The month of October was expectedly bland when it came to funding activity this year. Historically, October has not fared very well in this category, falling close to the bottom of the pile for the last three years in deals struck and total funding received. In fact, the figures from last October were almost identical to this year. There were 85 startups that received funding, grossing a total of $259 Mn.
There was, however, a jump in M&A’s (14) during this month – a trend that 2016 has been consistently witnessing when compared to similar months from the previous years. This is a definite sign of consolidation and maturity of the Indian startup economy.
Bengaluru and Delhi fought neck and neck to lead the number of deals struck. However, Bengaluru emerged overwhelmingly victorious when it came to total funding received for the month, grossing a 5x higher number than Delhi.

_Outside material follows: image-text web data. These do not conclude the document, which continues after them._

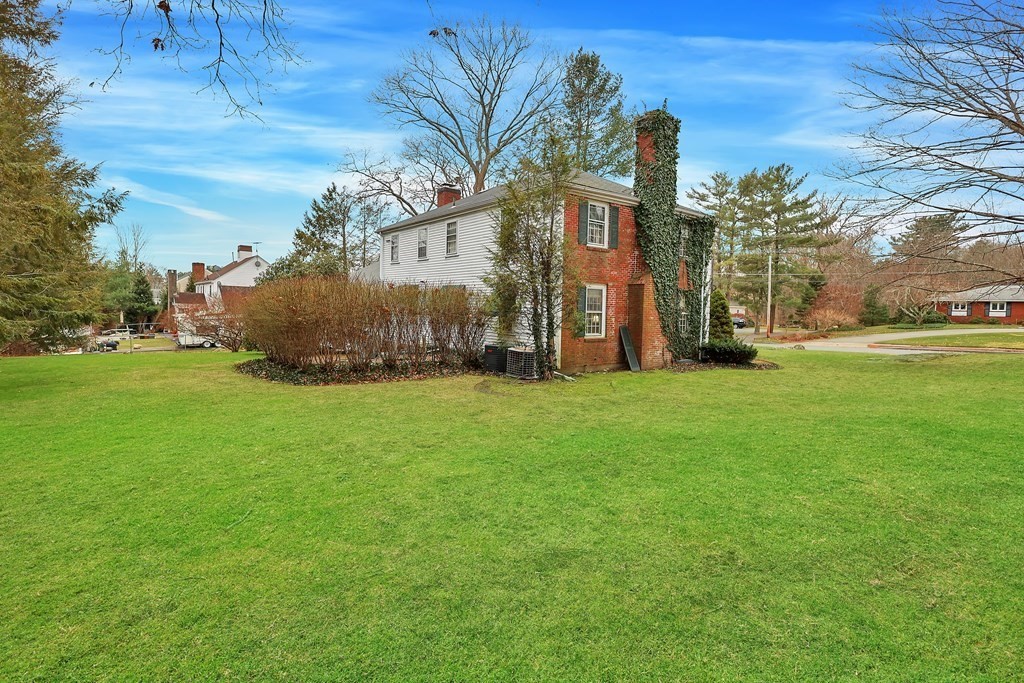 169 Braemoor Road Brockton, MA 02301 - Photo 5 of 42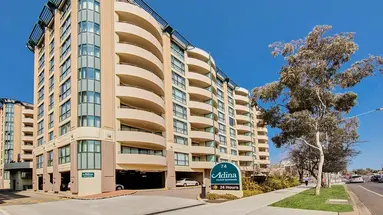 Adina Serviced Apartments Canberra James Court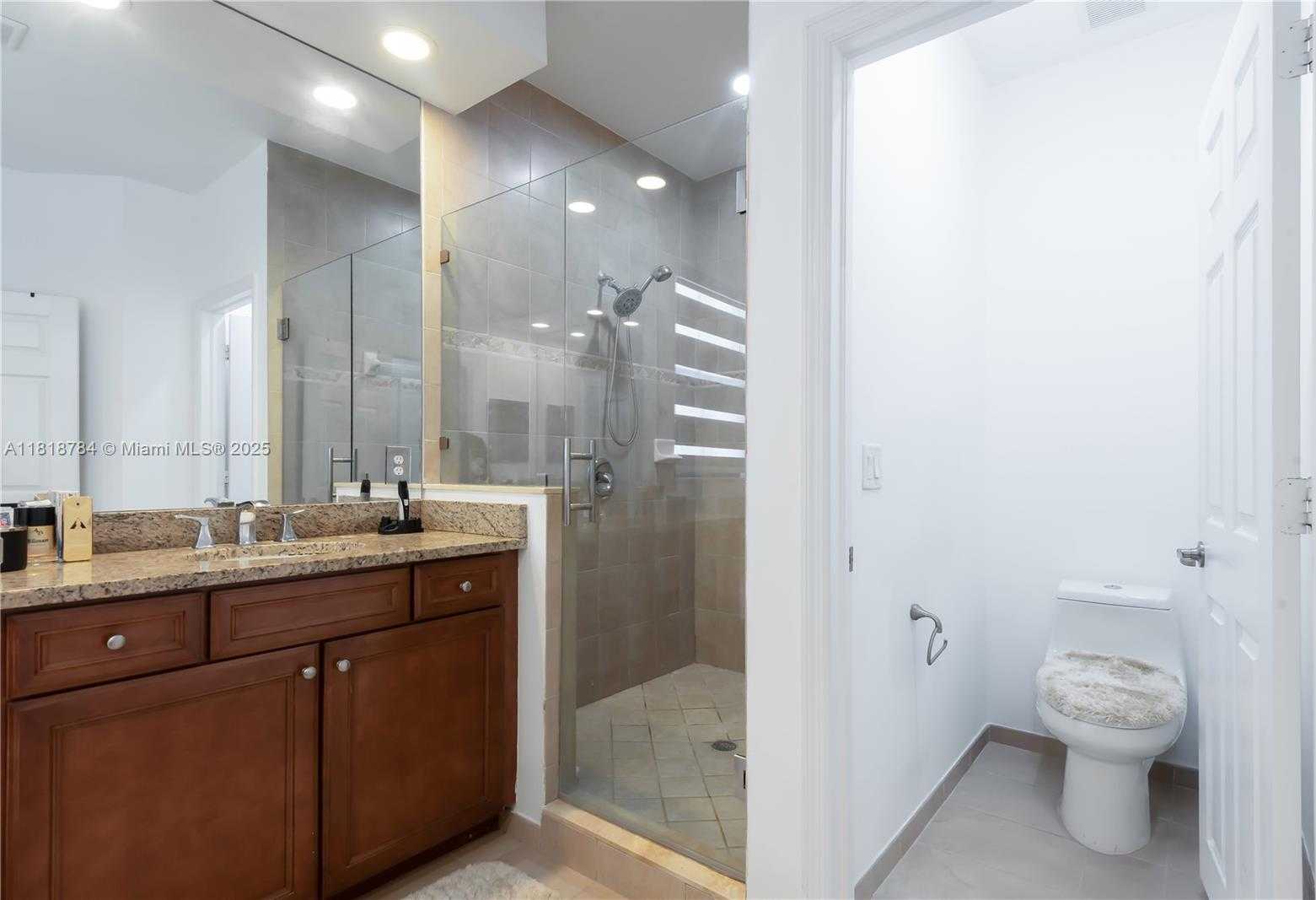 Small Image of 8885 NORTH WEST 100TH PL, Doral Number 27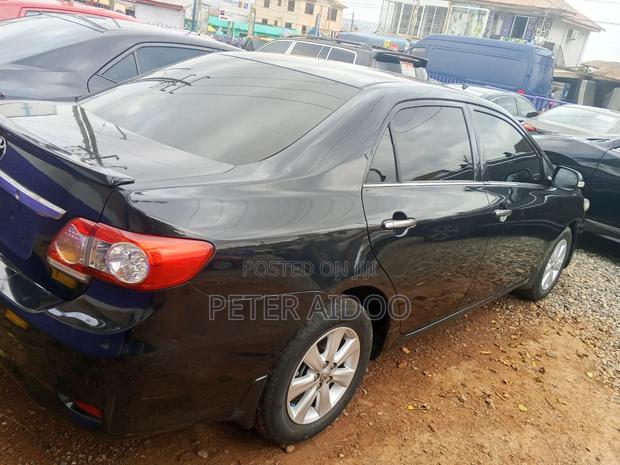 Toyota Corolla 2013 Black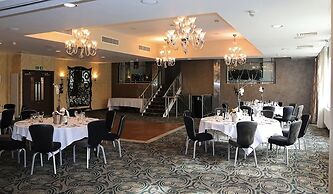 The Pinewood Hotel
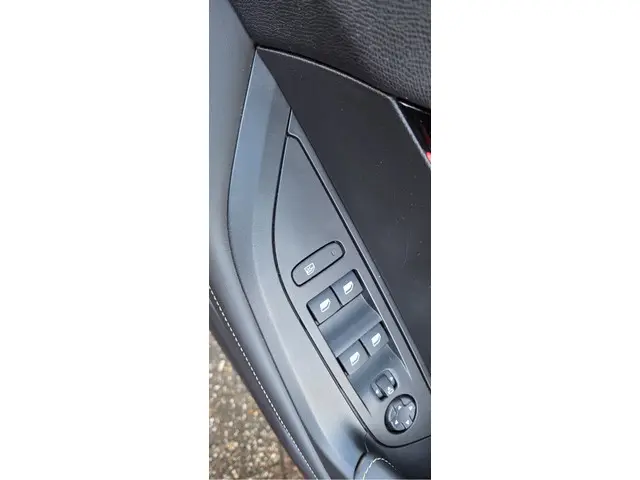 Peugeot 2008 1.2 PureTech GT Pack 2021 Benzine 13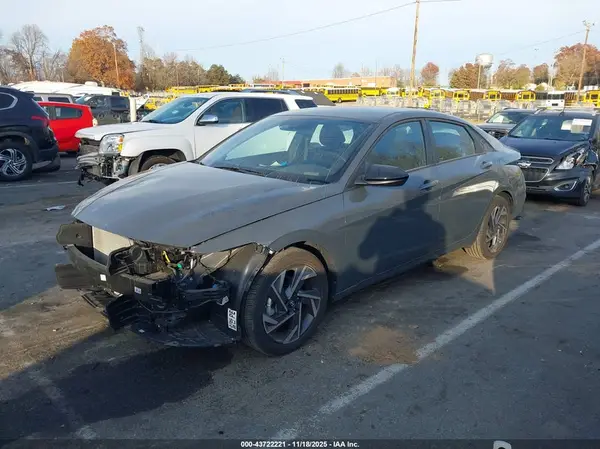 KMHLM4DG6SU925082 2025 HYUNDAI ELANTRA - Image 2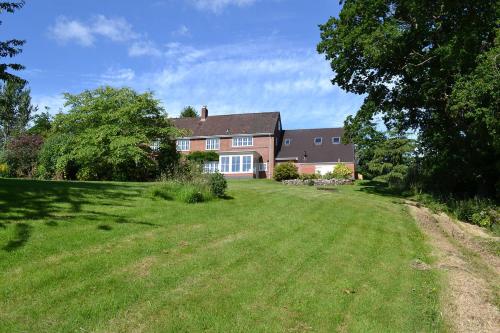 The Oaks - main image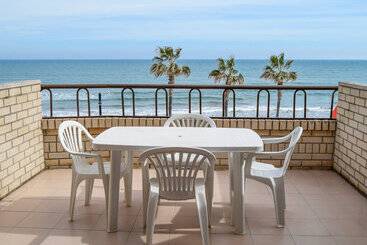 Apartamentos Oropesa Primera Línea 3000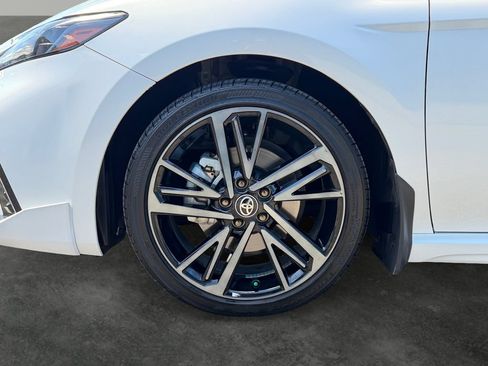 Used 2026 Toyota Camry XSE w/ Premium Package AWD/4WD image 5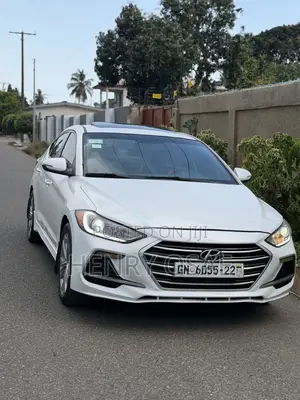 Hyundai Elantra Sport 2018 White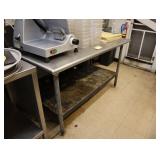 Stainless steel 5 ft table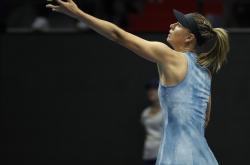 AYX-莎拉波娃爆冷击败DWG，回归赛场引爆全场！的简单介绍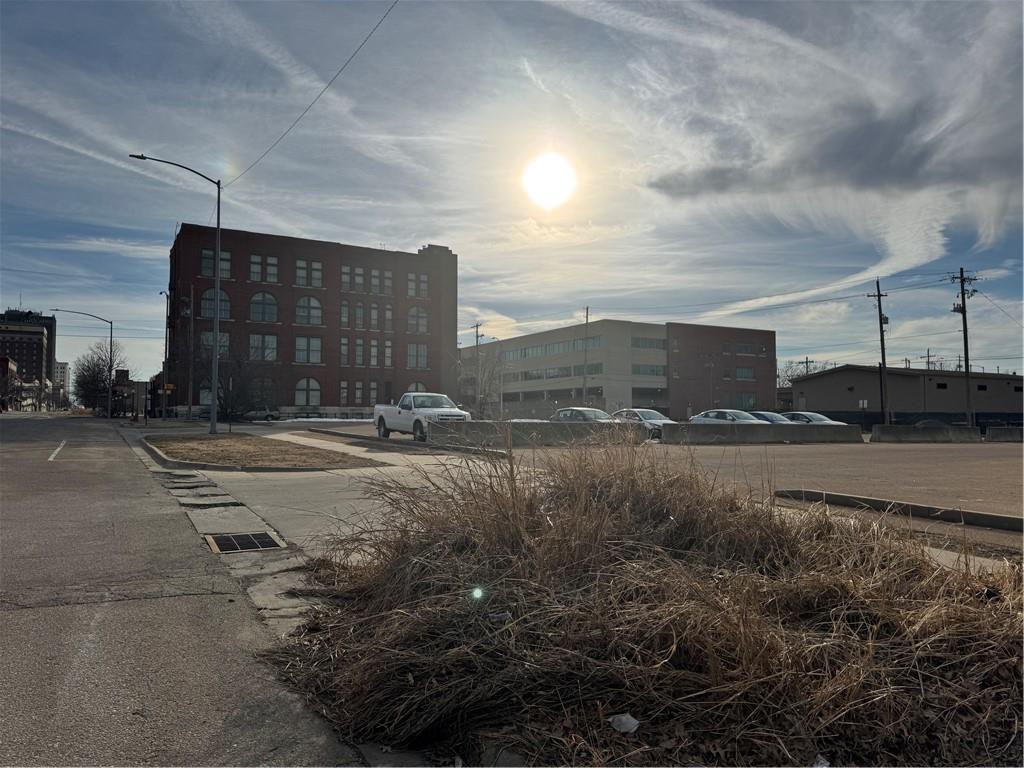 Homes for sale in Topeka, KS | 204 Sw 5th St, Topeka, KS 66603 | MLS# 2600866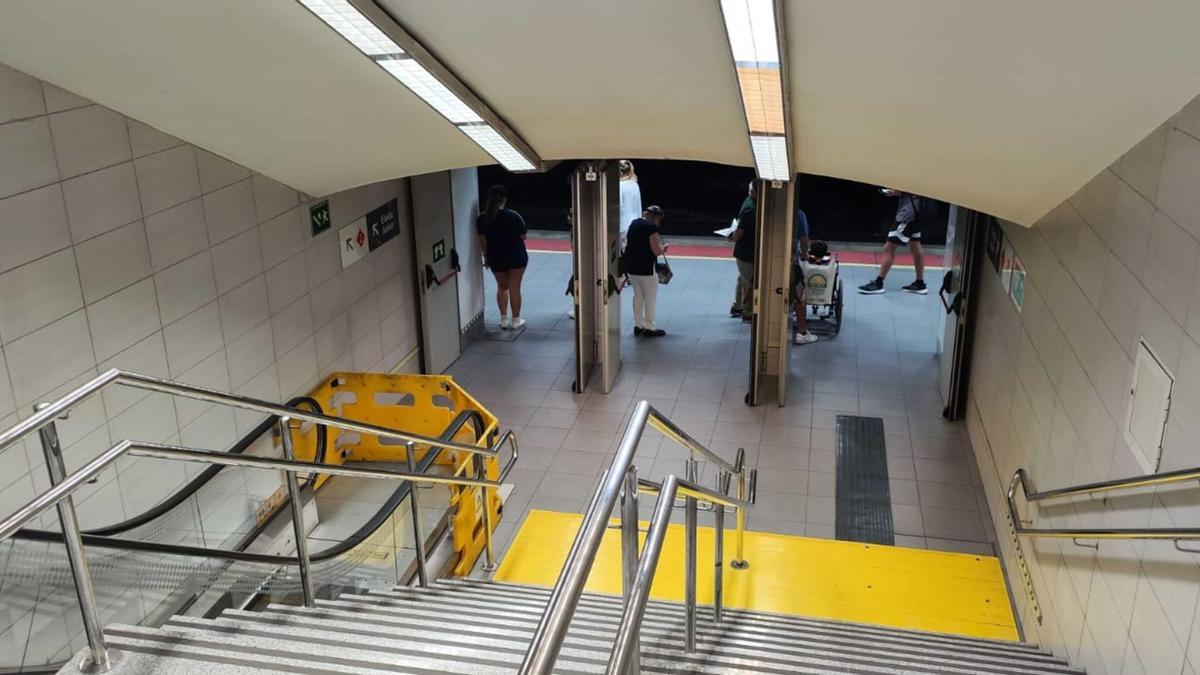 Imagen de la escalera mecánica averiada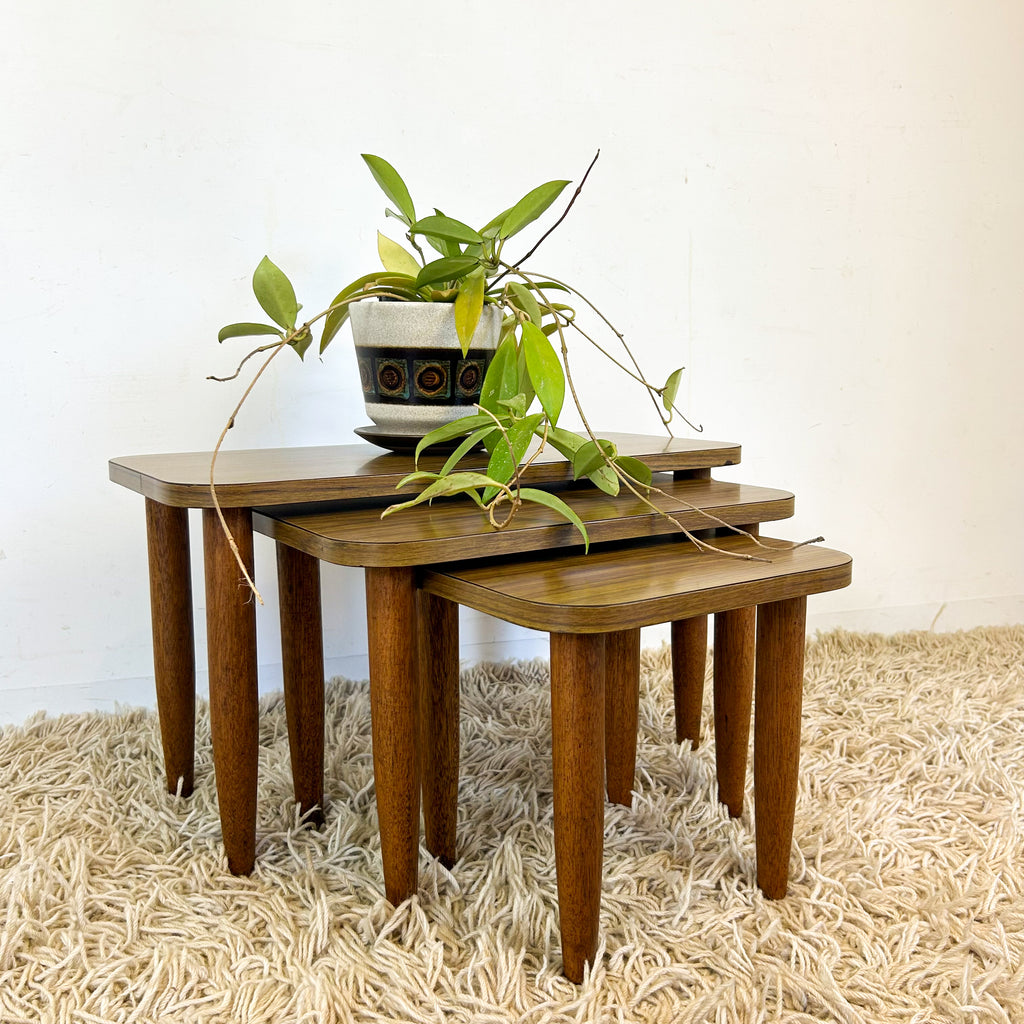 LAMINATE NESTING SIDE TABLES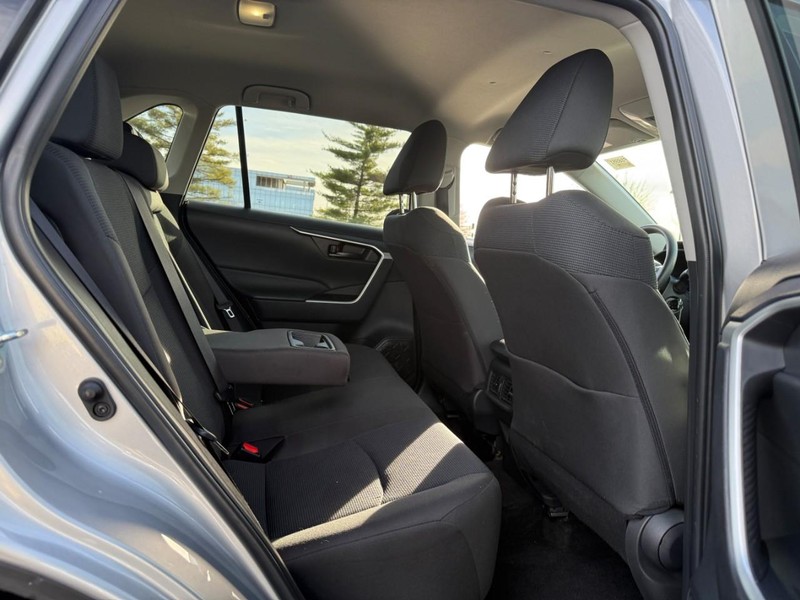 Toyota RAV4 Vehicle Full-screen Gallery Image 11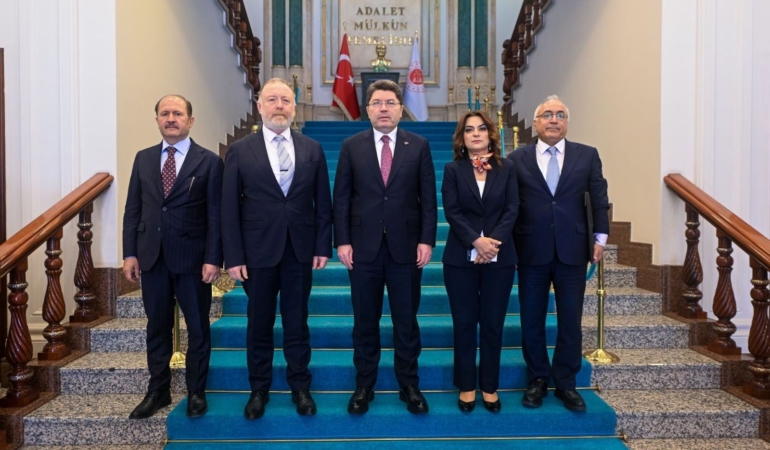 dem parti adalet bakanı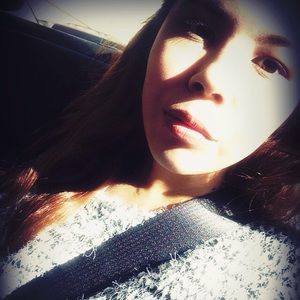 Meet your Posher, Maya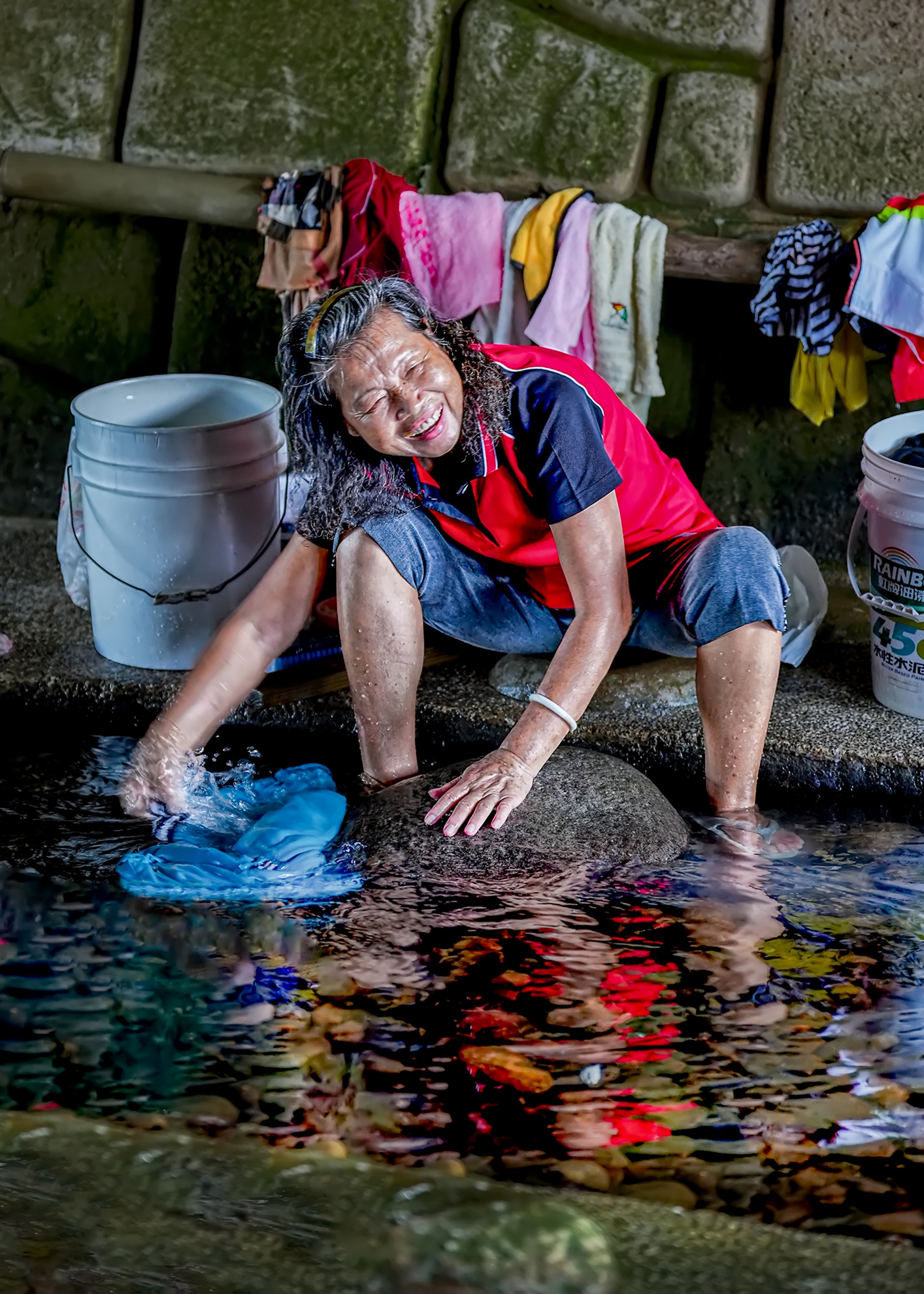 05.入選.溪邊洗衣.張坤柏
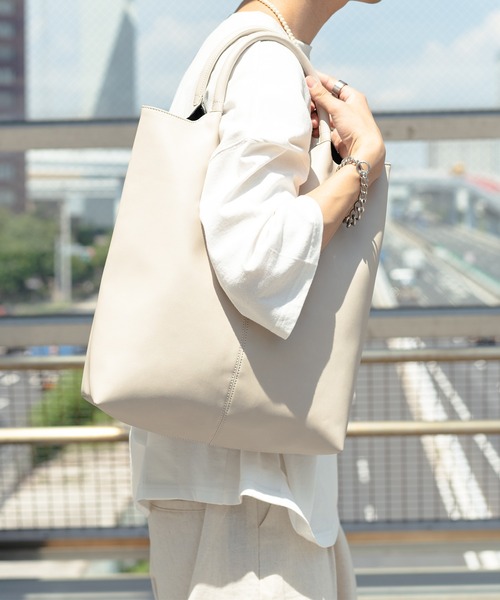 epnok（エプノック）の「フェイクレザートートBAG（トートバッグ・メンズ・グレイッシュベージュ/ブラック・FREE）」の16枚目の写真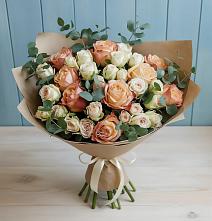 Букет цветов из:  Альстромерии и Розы #REPLACE_PRED# Адамий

Bengaluru’s funding dominance was led by YuppTV, FirstCry, Furlenco, Ather Energy, and DailyHunt. There has been a lot of activity in the baby care e-tailing segment, with FirstCry acquiring BabyOye from Mahindra Retail.
Change In Funding Allocation, Hardware Startups Come Home To Roost
Another interesting observation is the increased funding allocation towards early- and late-stage funding. Compared to October last year, seed funding received a 122% hike and late-stage funding managed an above par increase of 89% as well. Although Pre-Series A rounds numbered more and the largest funding of the month (YuppTV) was a Series A round, both of these stages did not manage to outdo last year’s numbers.
A pleasant surprise was thrown our way when we saw the sector allocation in deals struck this month.
India had been lagging behind the world when it came to hardware startups coming to prominence, however, this month saw eight deals in this sector. Ather Energy, Actofit, RoboVac, 3Dexter, Graviky Labs, Ray IOT, Aura Semiconductor, and GOQii received funding in the hardware sector this month, an encouraging sign for a sector which has been historically tough to invest in.